Caution is therefore advised if you want to perform performance tests with a newly created filesystem. In such cases, you should not create the filesystem with lazy initialization; instead, you should use the following parameters:
mkfs.ext4 -E lazy_itable_init=0,lazy_journal_init=0 /dev/vg00/ext4fs
To mount the filesystem, create an appropriate mountpoint up front and then run the mount
command:
mkdir /mnt/ext4fs mount /dev/vg00/ext4fs /mnt/ext4fs
If you want to mount the new filesystem automatically at boot time, add a corresponding entry in the /etc/fstab
file. You can optionally specify the -o
parameter for the mount
command (e.g., to mount a partition as read-only). For the list of possible options, see the kernel.org ext4 documentation [2]. Once the filesystem is mounted, /proc/mounts
only shows a few options (rw
,relatime
,data=ordered
) that need to run with the mount command or exist in /etc/fstab
(e.g., errors = remount-ro
) to be enabled:
# cat /proc/mounts | grep ext4 /dev/sda1 / ext4 rw,relatime,errors=remount-ro,data=ordered 0 0 /dev/mapper/vg00-ext4fs /mnt/ext4fs ext4 rw,relatime,data=ordered 0 0
In addition to these options, however, other standard options are active. Since Linux kernel version 3.4, you can now also view options in the /proc
filesystem. Listing 2 shows an example.
Listing 2: /proc Filesystem Info
# cat /proc/fs/ext4/sda1/options rw delalloc barrier user_xattr acl resuid=0 resgid=0 errors=remount-ro commit=5 min_batch_time=0 max_batch_time=15000 stripe=0 data=ordered inode_readahead_blks=32 init_itable=10 max_dir_size_kb=0
Filesystem Check
After completing the most important setup steps, the advanced administration activities start with a filesystem check. When you run a check, the corresponding ext4 filesystem must not be mounted. You simply run the check using the e2fsck
program; as an alternative, you can also use the symbolic link fsck.ext4
. If the filesystem was not properly unmounted, the check terminates; alternatively, you can force validation with the -f
parameter.
Expanding and Shrinking
Before expanding or shrinking the filesystem, you should make a backup.

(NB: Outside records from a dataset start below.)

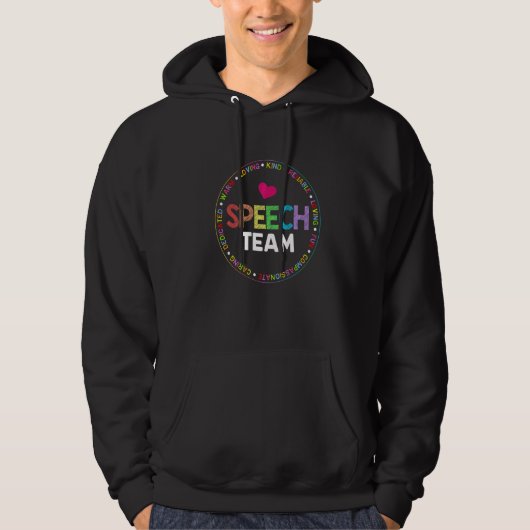 Speech Language Pathologist Therapy SLP Squad Spee Hoodie (Voorkant)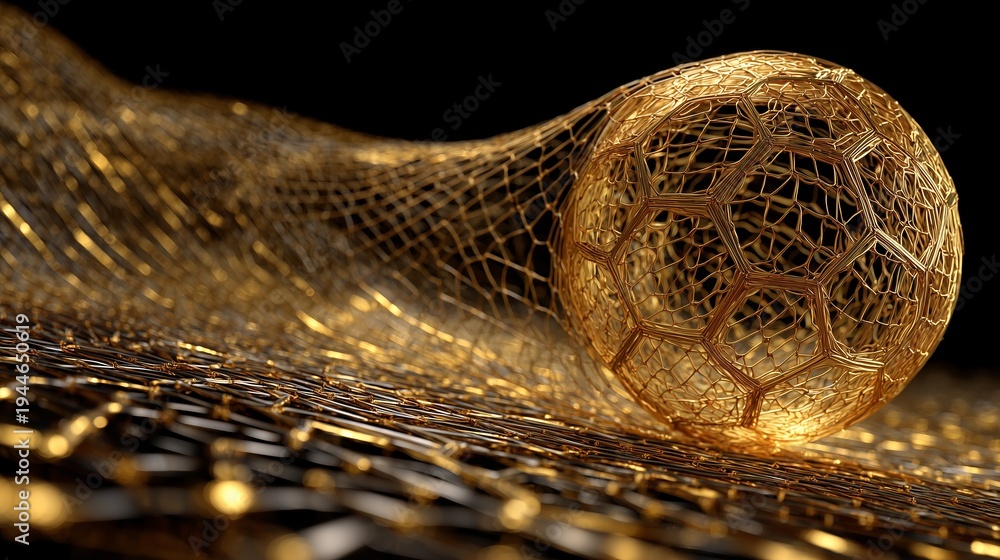 Naklejka premium Abstract golden soccer ball hitting net made of gold wire mesh against black background with shallow depth of field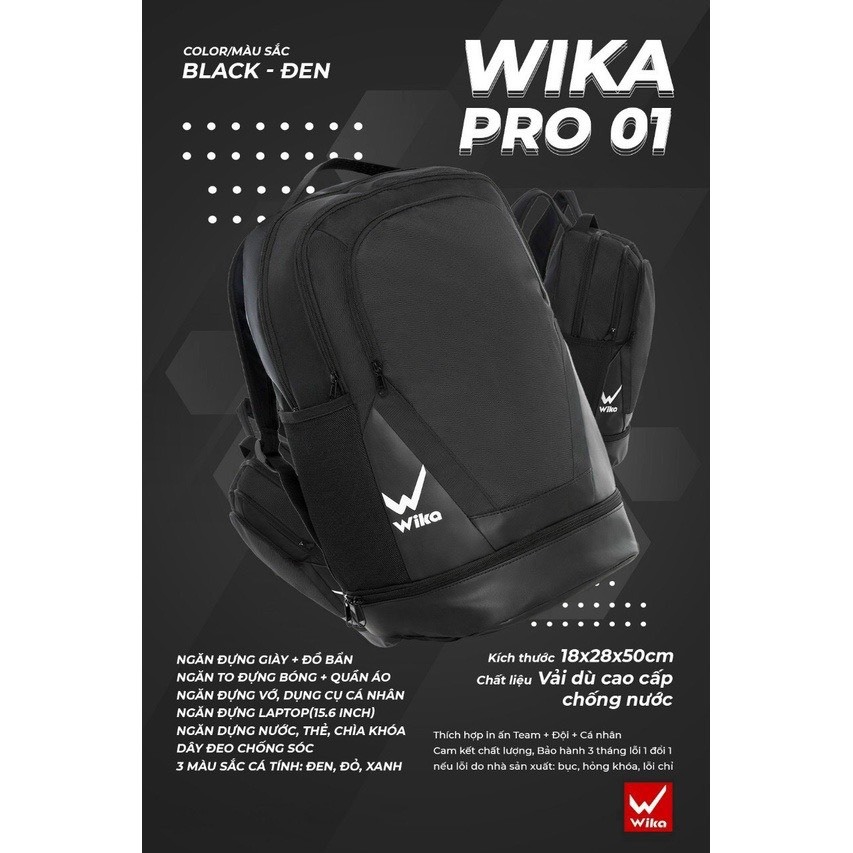 Balo Wika Pro 01 Chính Hãng Thiết Kế Rộng Rãi, Chất Liệu Cao Cấp Chắc Chắn, Gồm 5 Ngăn tiện lợi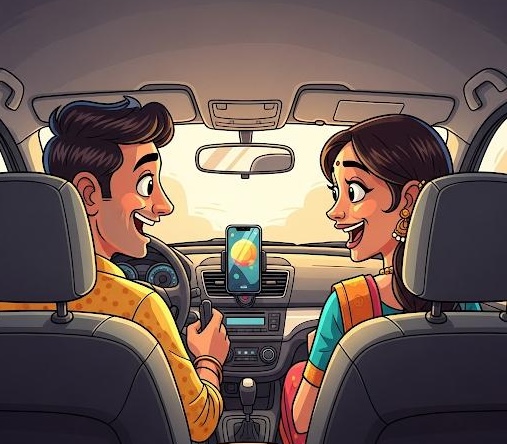 phone holder in car with couple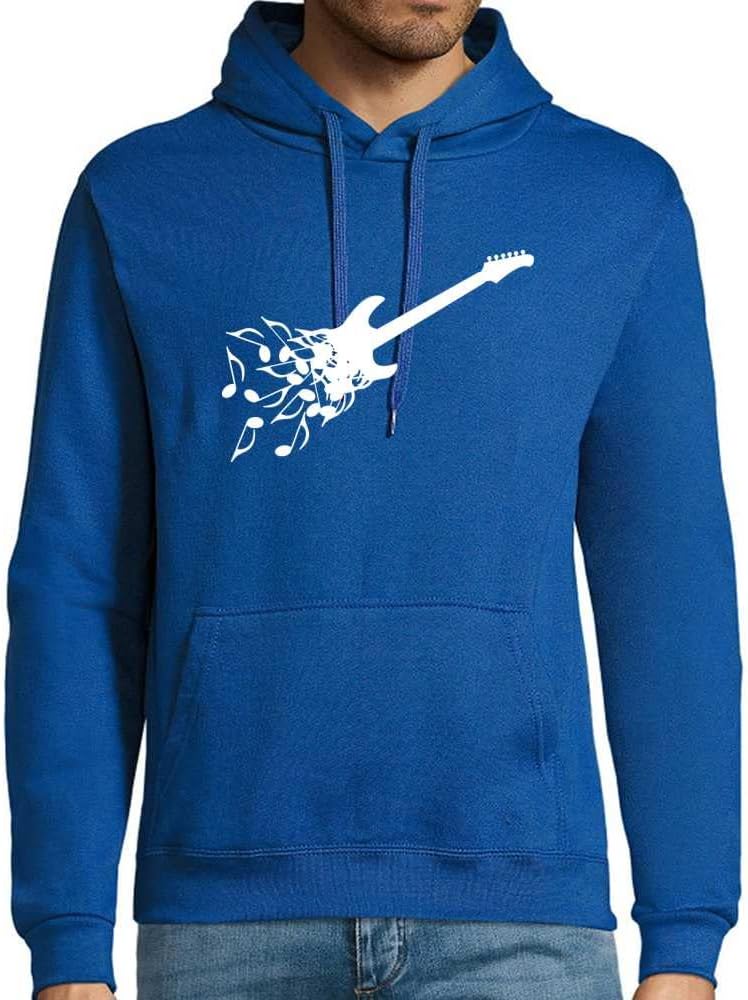 Shirt84 Nota De Instrumentos Musicales Hombres Sudadera Con Capucha, Negro , XS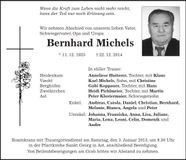 Traueranzeige Bernhard Michels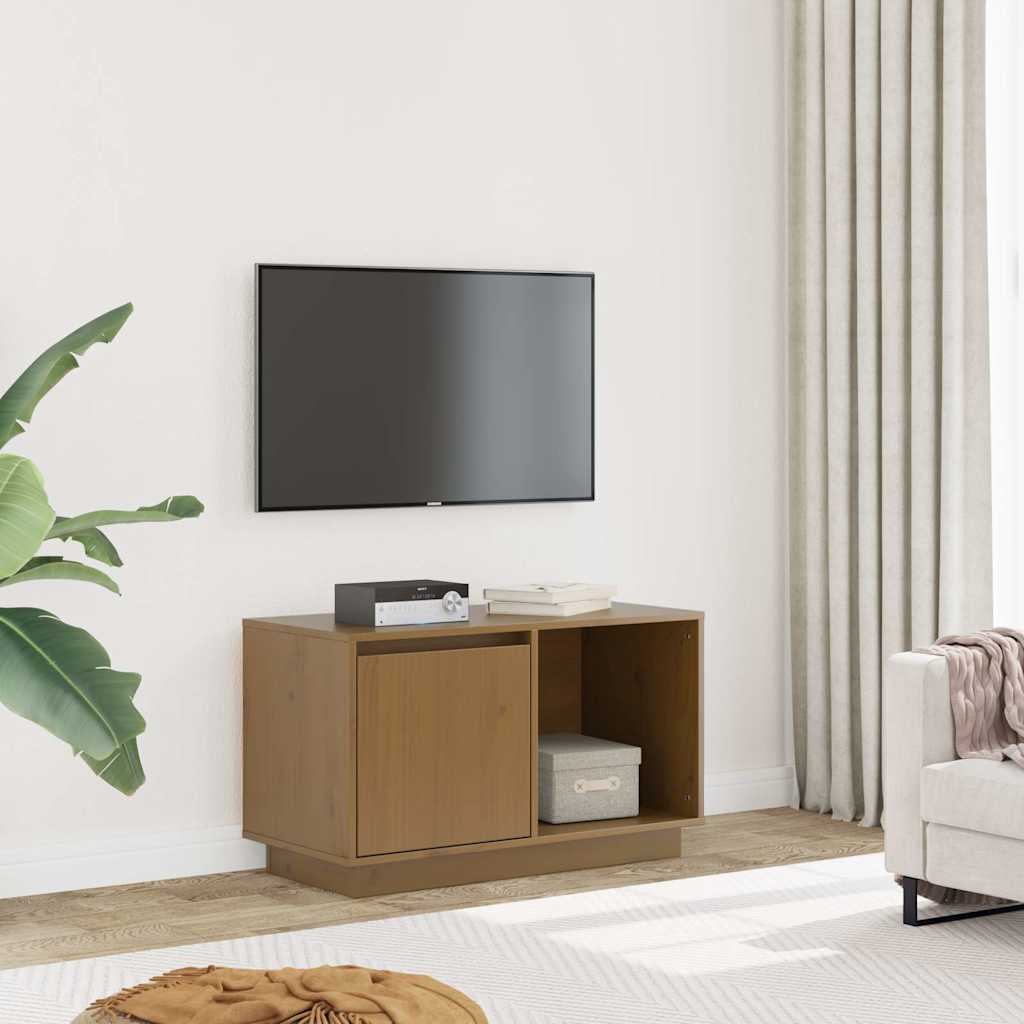 Tv-bänk honungsbrun 74x35x44 cm massiv furu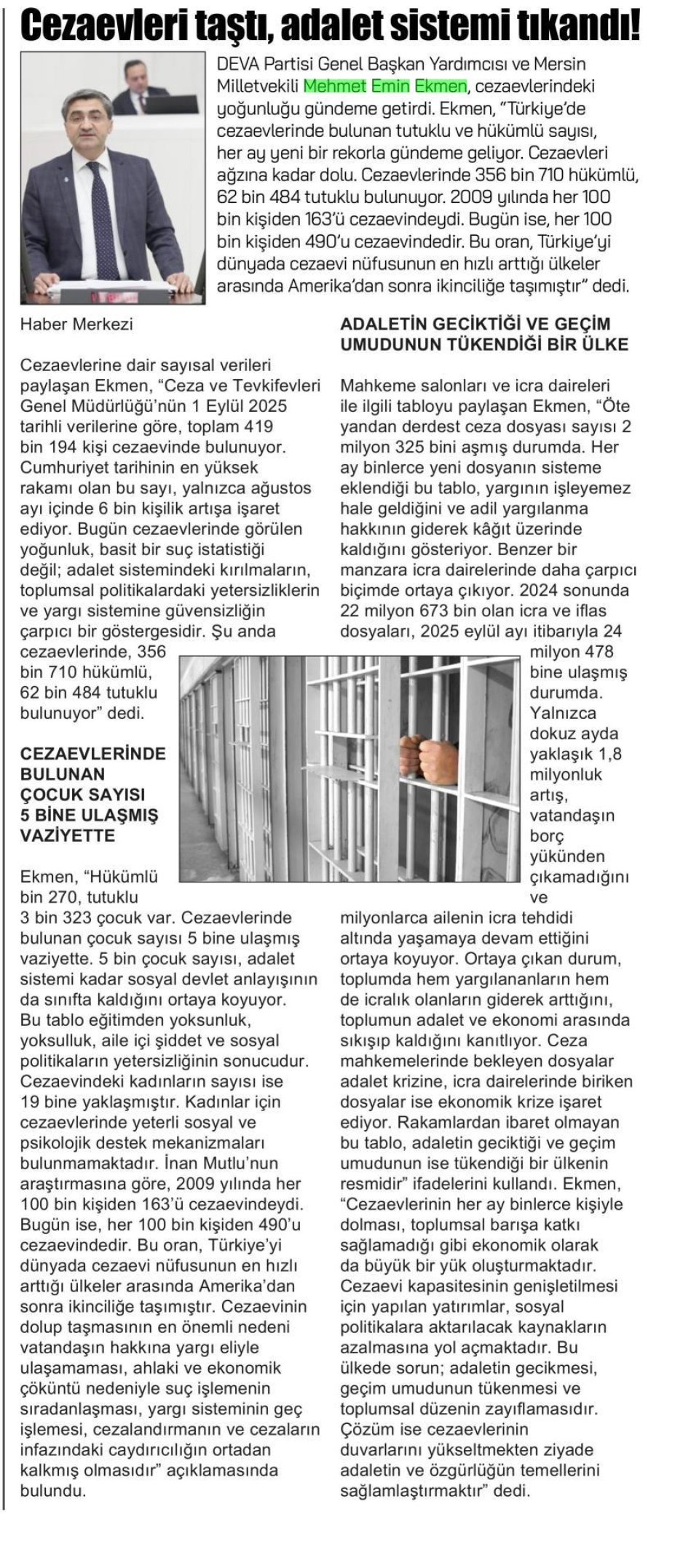 CEZAEVİ NÜFUSUNDA TÜRKİYE, DÜNYA İKİNCİSİ!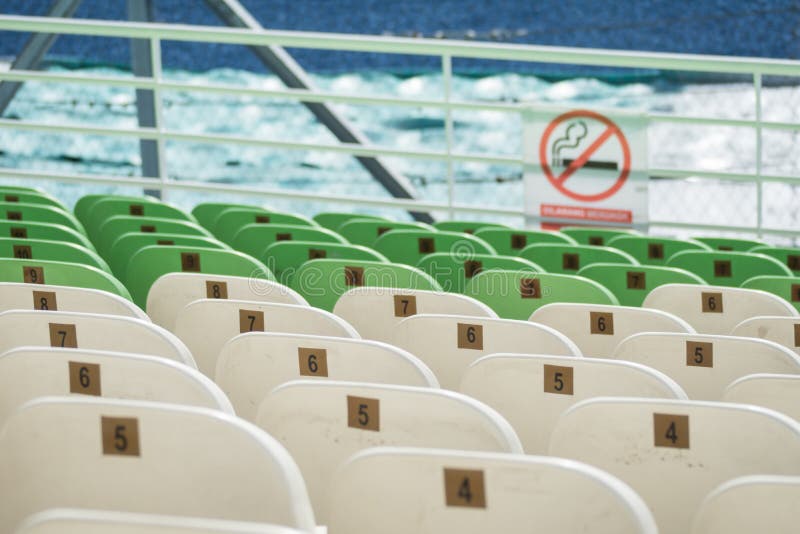 Stock Photo - stadium seats no smocking selective focus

If problems arise unexpectedly, this reduces the risk of data loss.
You can expand an ext4 filesystem in an LVM environment in a single step using the lvextend
command. The prerequisite is that the corresponding LVM volume group still have enough free disk space. If you add the -r
option, after the LVM logical volume expands, the ext4 resize2fs
command is executed, thus expanding the underlying filesystem as well. Expansion is also possible on the fly, which means the filesystem can remain mounted.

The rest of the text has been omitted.